• Information provided:
((

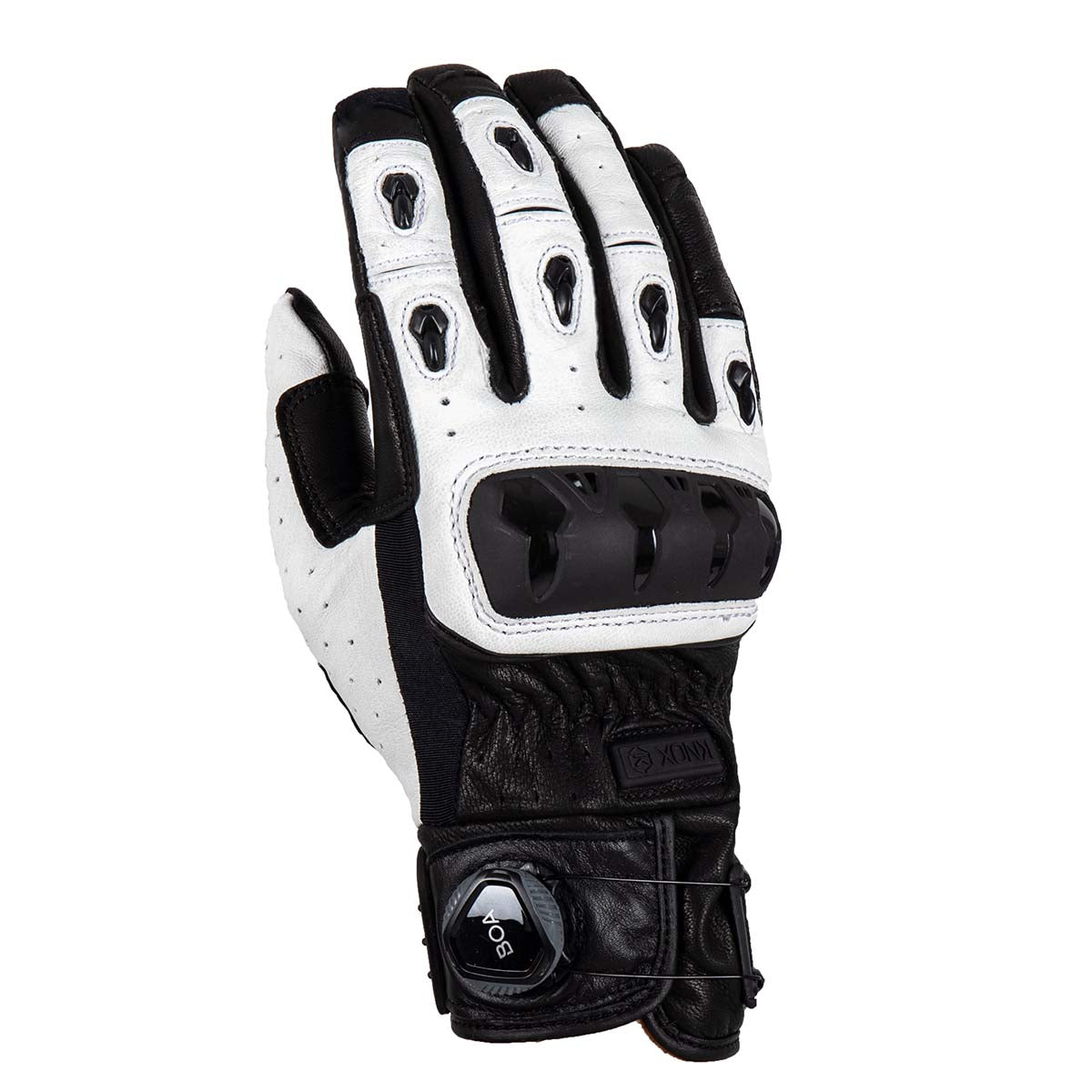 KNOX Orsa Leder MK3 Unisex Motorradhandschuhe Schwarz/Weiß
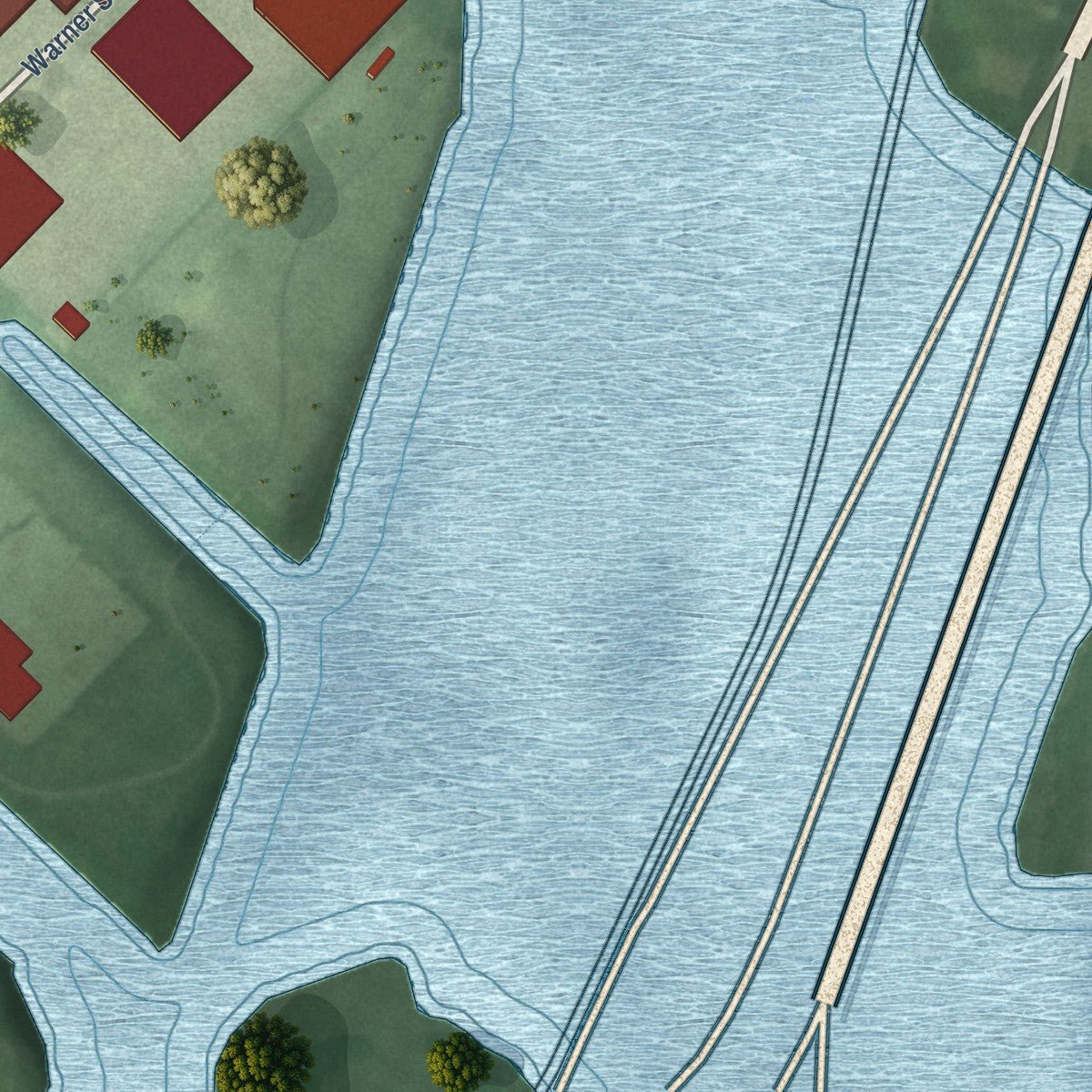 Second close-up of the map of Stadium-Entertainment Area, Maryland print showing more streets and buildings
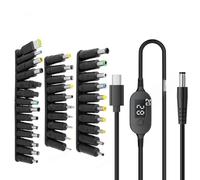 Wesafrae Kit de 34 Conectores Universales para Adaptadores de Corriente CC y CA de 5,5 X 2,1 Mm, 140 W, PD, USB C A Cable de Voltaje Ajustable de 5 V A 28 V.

))

• Activity:
Word for word and without any pictures, return all of the lines above.

• Output for this exercise:
 KNOX Orsa Leder MK3 Unisex Motorradhandschuhe Schwarz/Weiß
 Second close-up of the map of Stadium-Entertainment Area, Maryland print showing more streets and buildings
 Wesafrae Kit de 34 Conectores Universales para Adaptadores de Corriente CC y CA de 5,5 X 2,1 Mm, 140 W, PD, USB C A Cable de Voltaje Ajustable de 5 V A 28 V.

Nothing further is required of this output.